Achieving exceptional strength-ductility synergy in the GH4698 nickel-based superalloy via heterogeneous grains and L12-γ′ nanoprecipitates with bimodal size distribution

Abstract

Structural materials with the heterogeneous microstructures offer unique combinations of strength and ductility. In this study, a nickel-based superalloy with a heterogeneous microstructure consisting of retained deformed and recrystallized grains, and the L1₂-γ′ nanoprecipitates with a bimodal size distribution, is synthesized using cryogenic rolling at 77 K, followed by annealing and aging. The larger precipitates are primarily located in the retained deformed grains, while the smaller ones are uniformly distributed throughout both the retained deformed and recrystallized grains. Benefiting from the heterogeneous structure, the alloy exhibits an exceptional strength-ductility synergy, with an ultimate tensile strength of 1612 MPa and uniform elongation of 14.2 %. During deformation, the dislocations interact with L1₂-γ′ nanoprecipitates, stacking faults, and the Lomer-Cottrell locks, which contributes to the high strength-ductility synergy. The contributions of intrinsic strengthening, grain boundary strengthening, heterogeneous deformation induced (HDI) hardening, and precipitation strengthening were quantitatively assessed. Amongst these, HDI hardening and precipitation strengthening were identified as the primary contributors to the high strength.
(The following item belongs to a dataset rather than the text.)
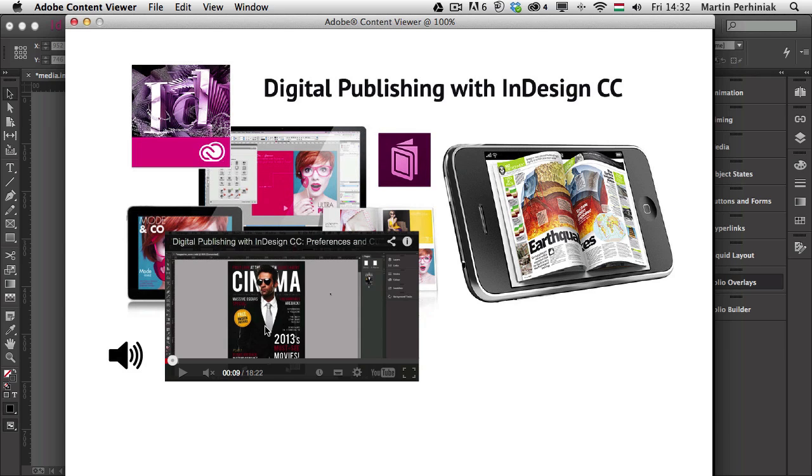And that's all I wanted to show you in this episode. I hope you found it useful. And if you want to learn more about digital publishing with InDesign CC, make sure you join me next time as well, here on Tuts+. Thanks a lot for your attention.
The heterogeneous deformation between the retained deformed grains and recrystallized grains plays a significant role in enhancing the ductility. Furthermore, the evolution of the Taylor factor and textures before and after deformation was investigated. Our findings offer a strategy to design heterogeneous grain structures composing L1₂-γ′ nanoprecipitates, which achieve high strength-ductility synergy in the nickel-based superalloys.